Data supplied:
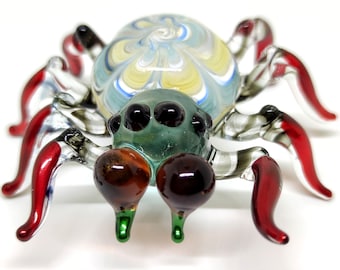 May include: A glass spider figurine with a colorful, swirled body and red legs. The spider has black eyes and a green abdomen.
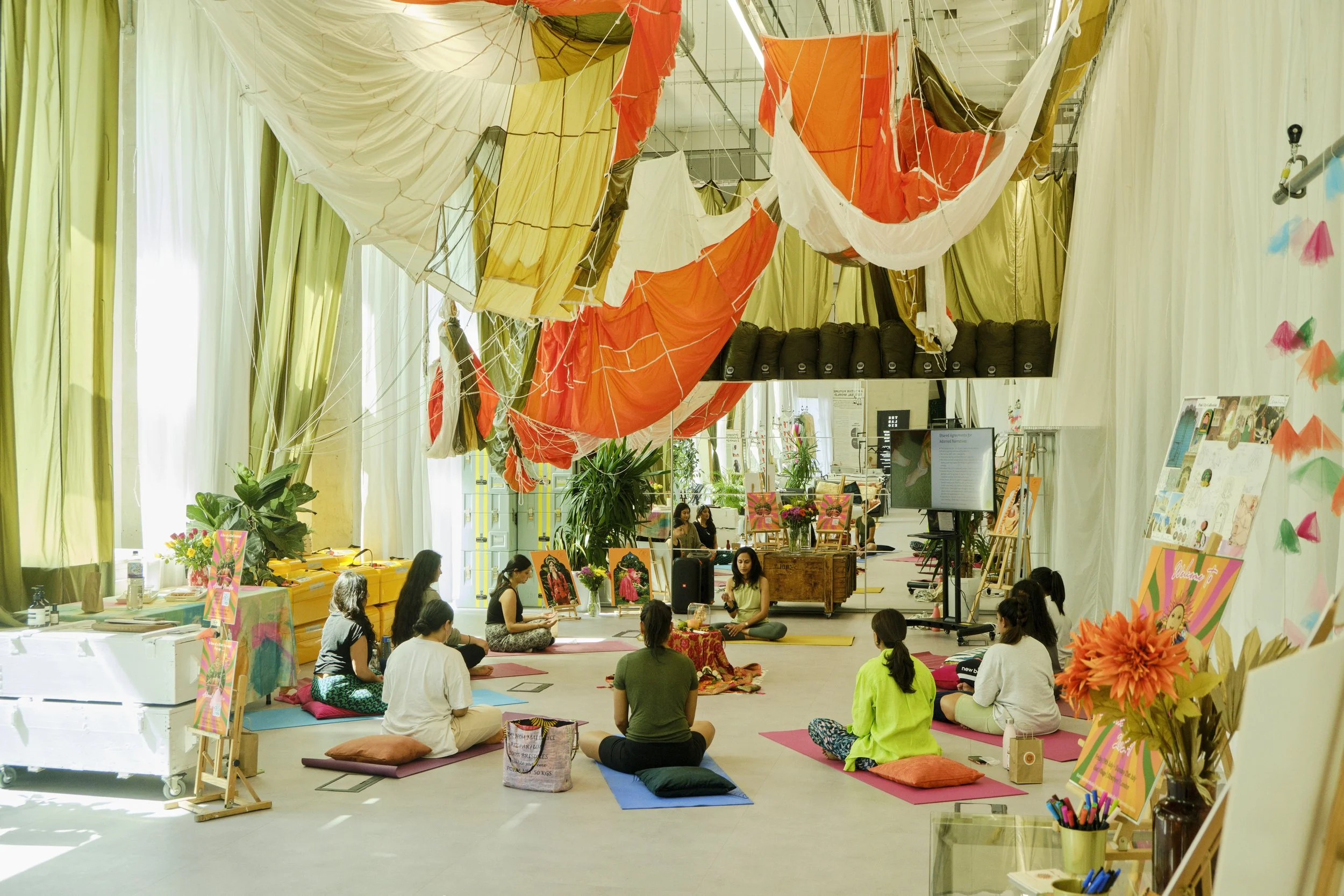 People seated on yoga mats participating in a meditation session inside a decorated indoor space with hanging fabric art and plants.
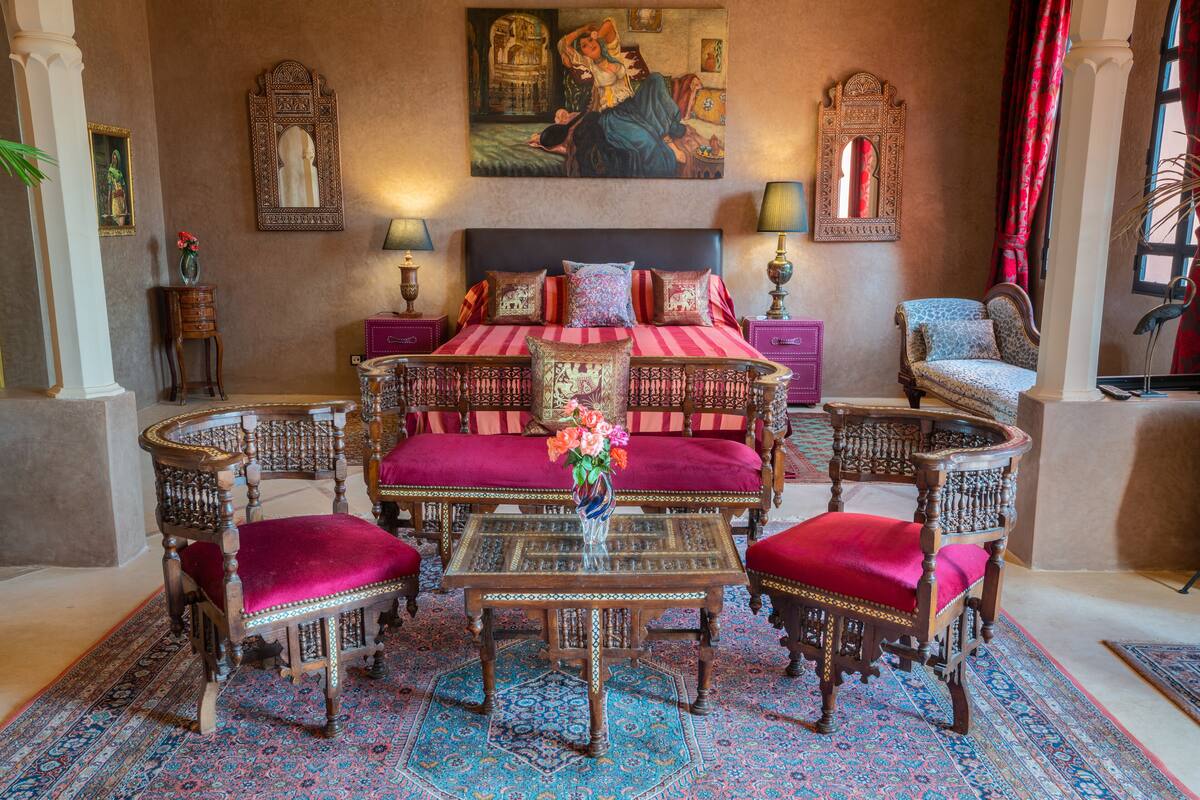 A traditional room with a bed, two chairs, a table, and a rug.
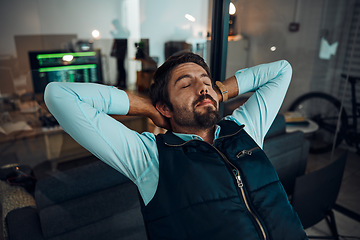 Image showing Developer man, relax or peace in home office with hand on head for achievement, thinking about goals or target. Sleeping, night or entrepreneur on chair for break, calm or nap for work done in house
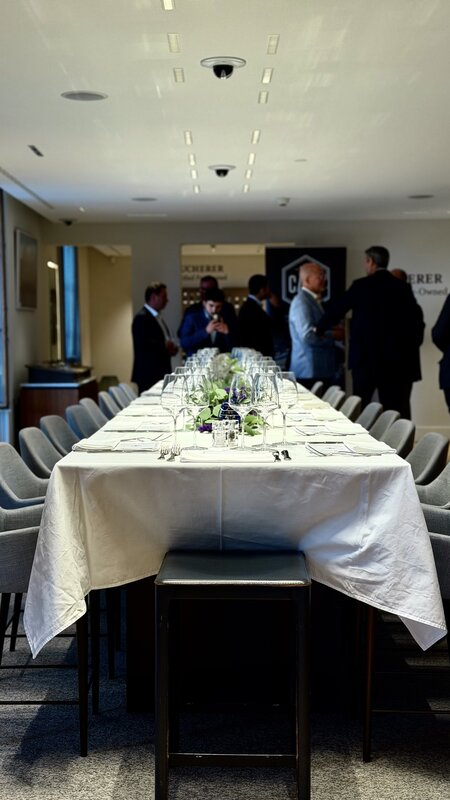 The dinner table seen down its length before service, guests standing and talking at the far end of the room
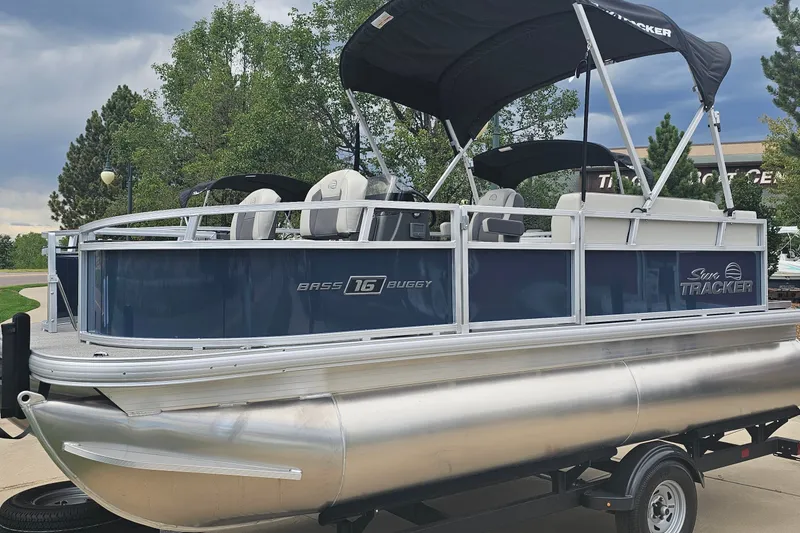 The Image of 2026 Sun Tracker Bass Buggy 16 XL Select pontoon boat with canopy, parked outdoors. - 0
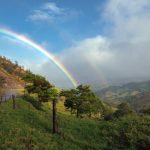 Scenic rainbow over lush mountains and country road in Costa Rica.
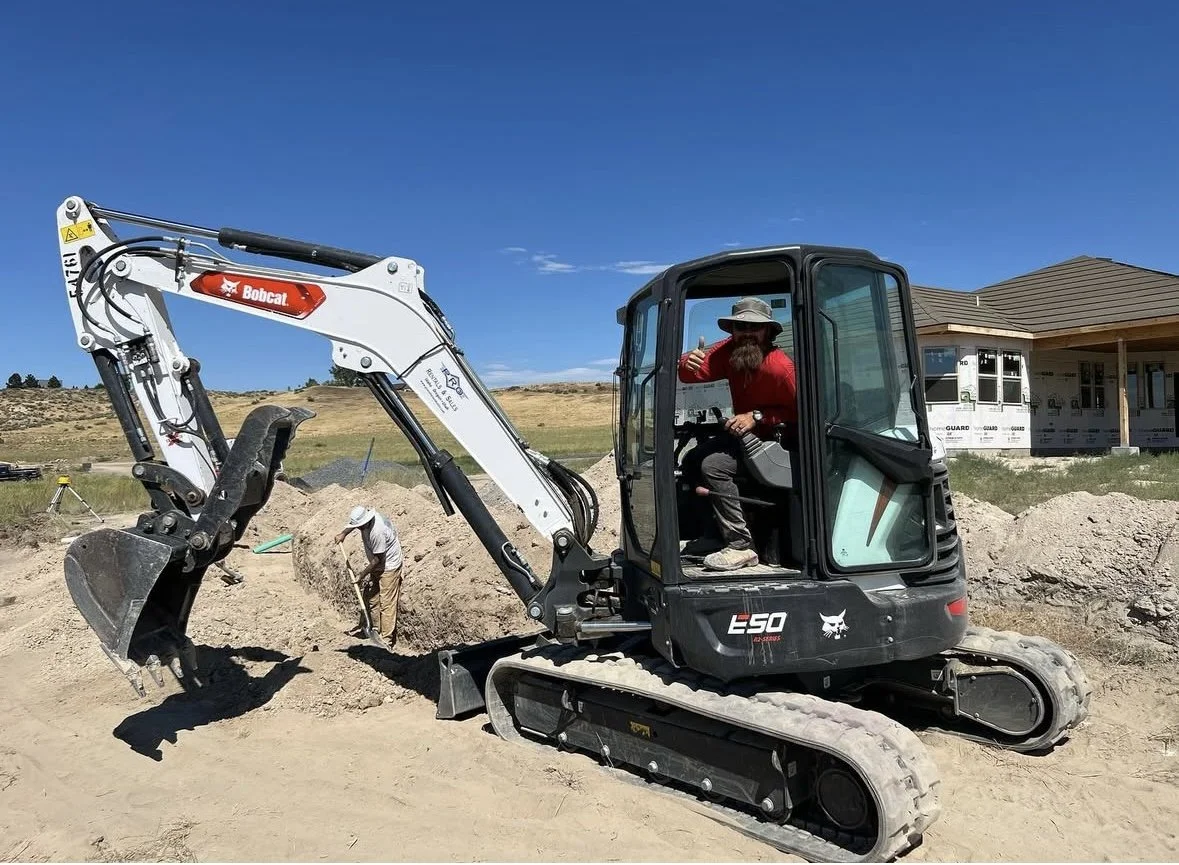 A man with a beard and hat sitting in a small black excavator on a construction site, with another worker in the background digging. A house under construction with a septic drain field repair is visible nearby under a clear blue sky.
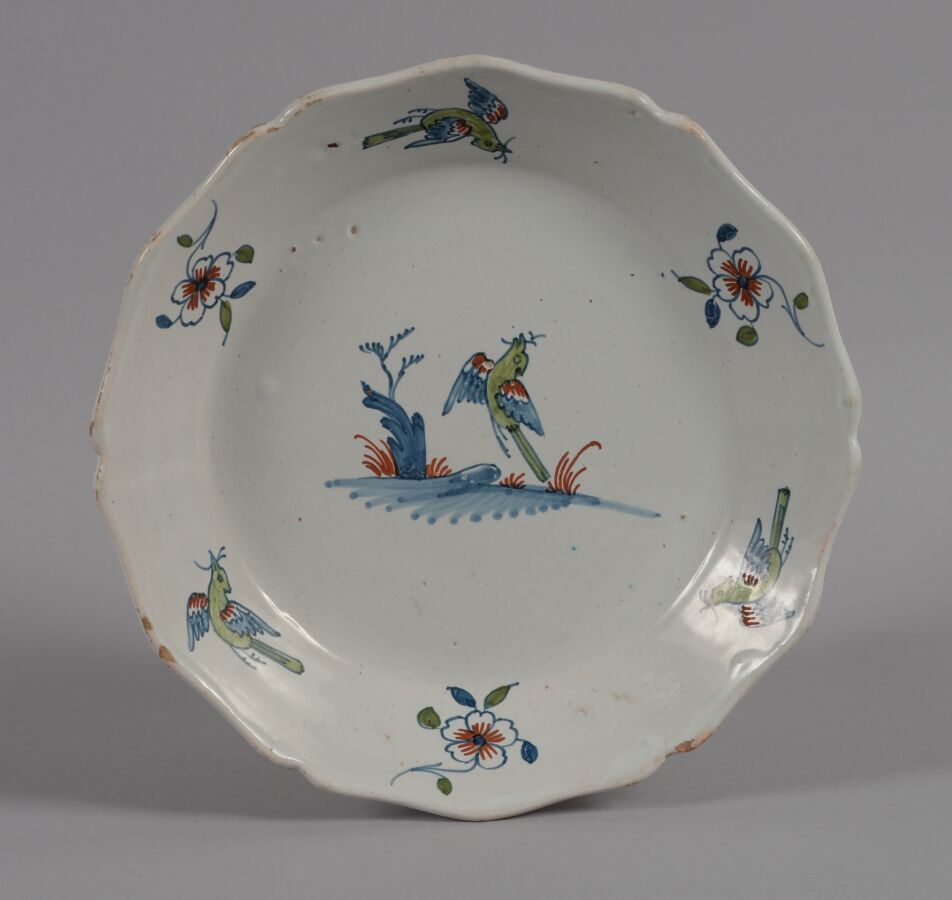 Null 罗歇勒（LA ROCHELLE
陶器盘，轮廓上装饰着一只在土丘上的鸟，鸟和花的翅膀。
18世纪
直径22.5厘米
BE，轻微缺损
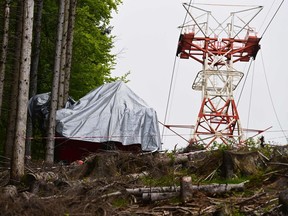 A view shows the cabin's wreckage covered with a tarpaulin next to a pylon on May 26, 2021 on the slopes of the Mottarone peak above Stresa, Piedmont, three days after a cable car crash that killed 14. Photo by MIGUEL MEDINA / AFP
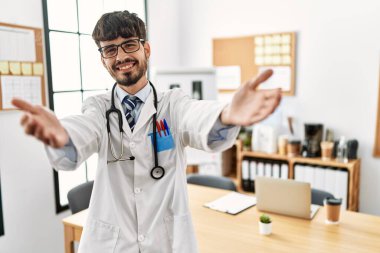 Doktor üniforması giyen ve steteskop takmış İspanyol bir adam kameraya bakıp sarılmak için gülümsüyor. Mutluluğu kucaklayan neşeli bir ifade.. 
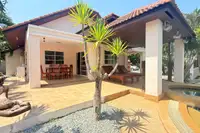 3 Bedroom House for Sale at Mike Orchid Villas 2, side exterior with covered patio, outdoor dining, and sun loungers.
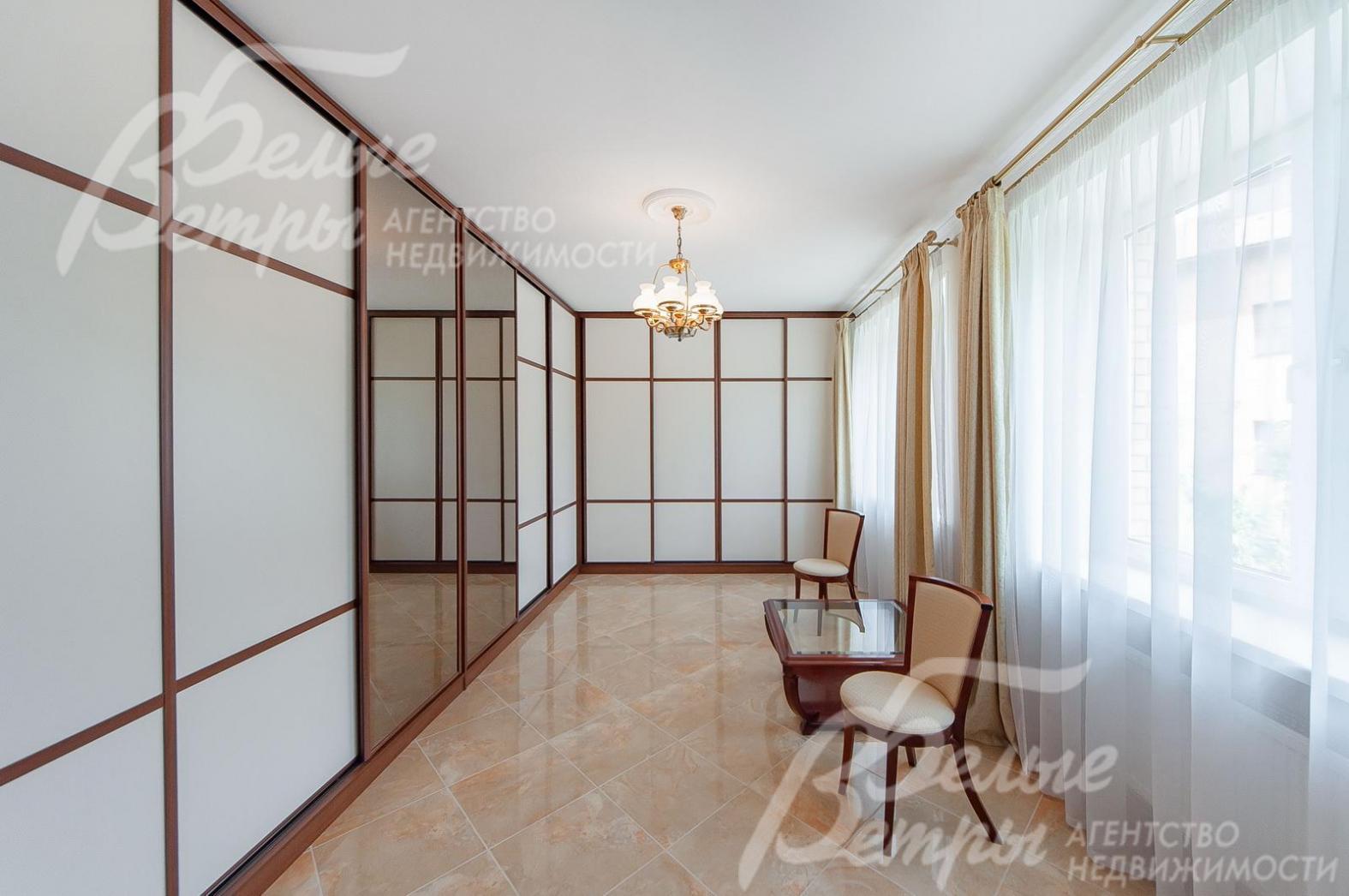 Большая гардеробная с различными системами хранения.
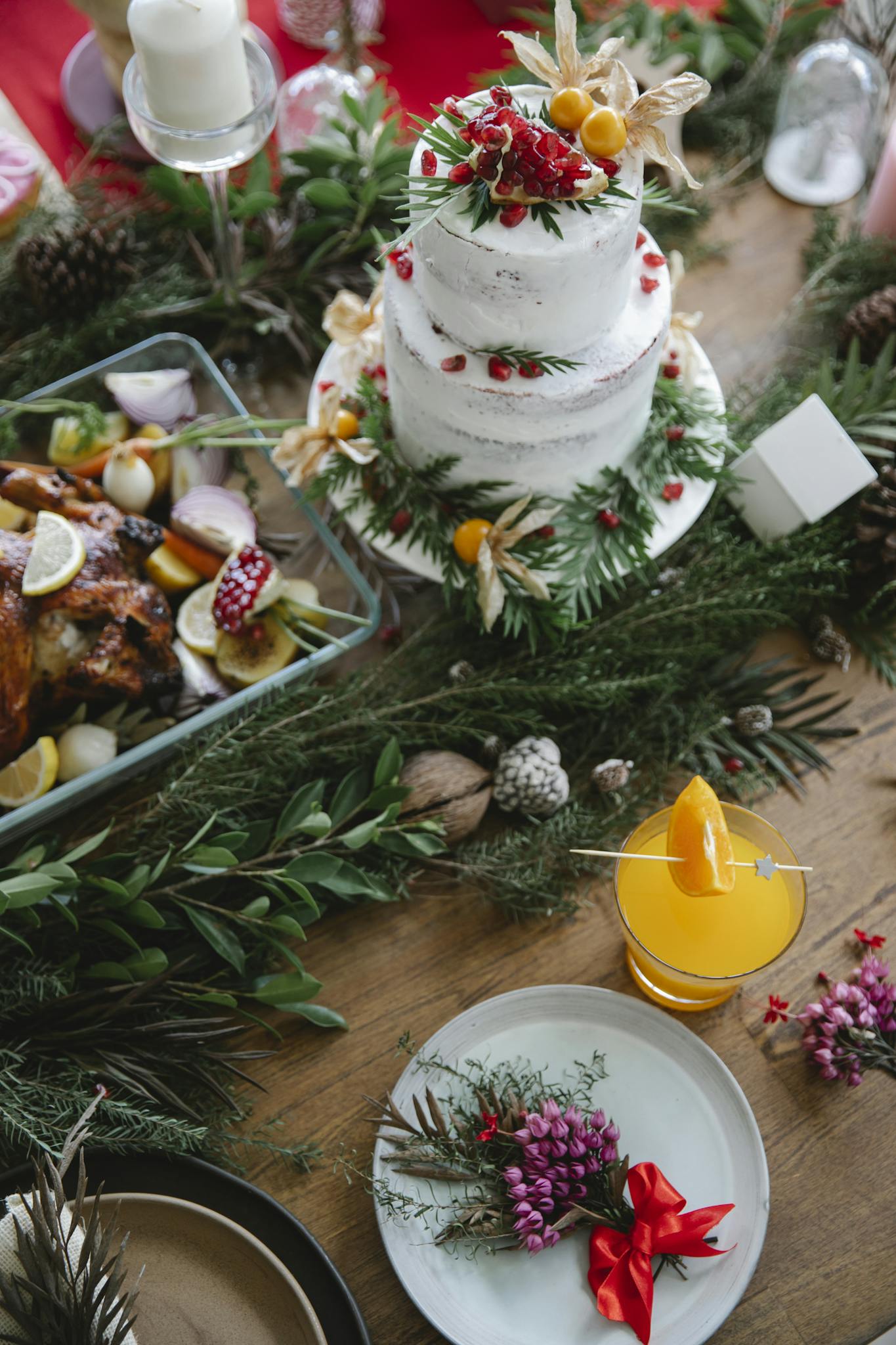Christmas table with cake with leaves and berries near drink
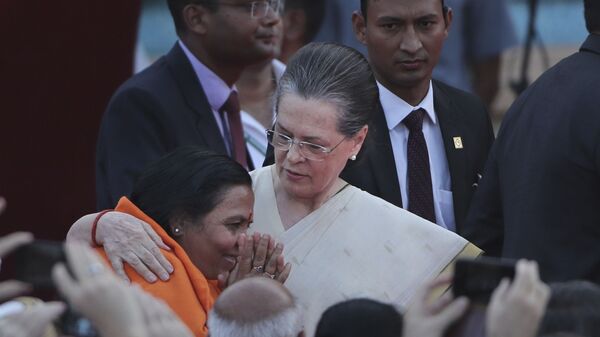 United Progressive Alliance chairperson Sonia Gandhi, center, hugs Bharatiya Janata Party leader Uma Bharati at the swearing in ceremony of Indian prime minister Narendra Modi and his cabinet at the forecourt of presidential palace in New Delhi, India, Thursday, May 30, 2019. - Sputnik International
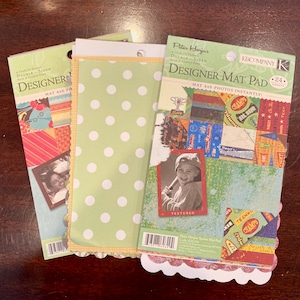 May include: A pack of 24 double-sided 4x6 inch photo mats with a sports theme. The mats feature a variety of colorful designs with words like "champs", "teamwork", and "all star".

Work instructions: Reproduce the records above exactly, but only from the line containing "Doktor üniforması giyen" through the last line, both included, and without any pictures.

Reply to the task:
 Doktor üniforması giyen ve steteskop takmış İspanyol bir adam kameraya bakıp sarılmak için gülümsüyor. Mutluluğu kucaklayan neşeli bir ifade.. 
 3 Bedroom House for Sale at Mike Orchid Villas 2, side exterior with covered patio, outdoor dining, and sun loungers.
 Большая гардеробная с различными системами хранения.
Christmas table with cake with leaves and berries near drink
 United Progressive Alliance chairperson Sonia Gandhi, center, hugs Bharatiya Janata Party leader Uma Bharati at the swearing in ceremony of Indian prime minister Narendra Modi and his cabinet at the forecourt of presidential palace in New Delhi, India, Thursday, May 30, 2019. - Sputnik International
 May include: A pack of 24 double-sided 4x6 inch photo mats with a sports theme. The mats feature a variety of colorful designs with words like "champs", "teamwork", and "all star".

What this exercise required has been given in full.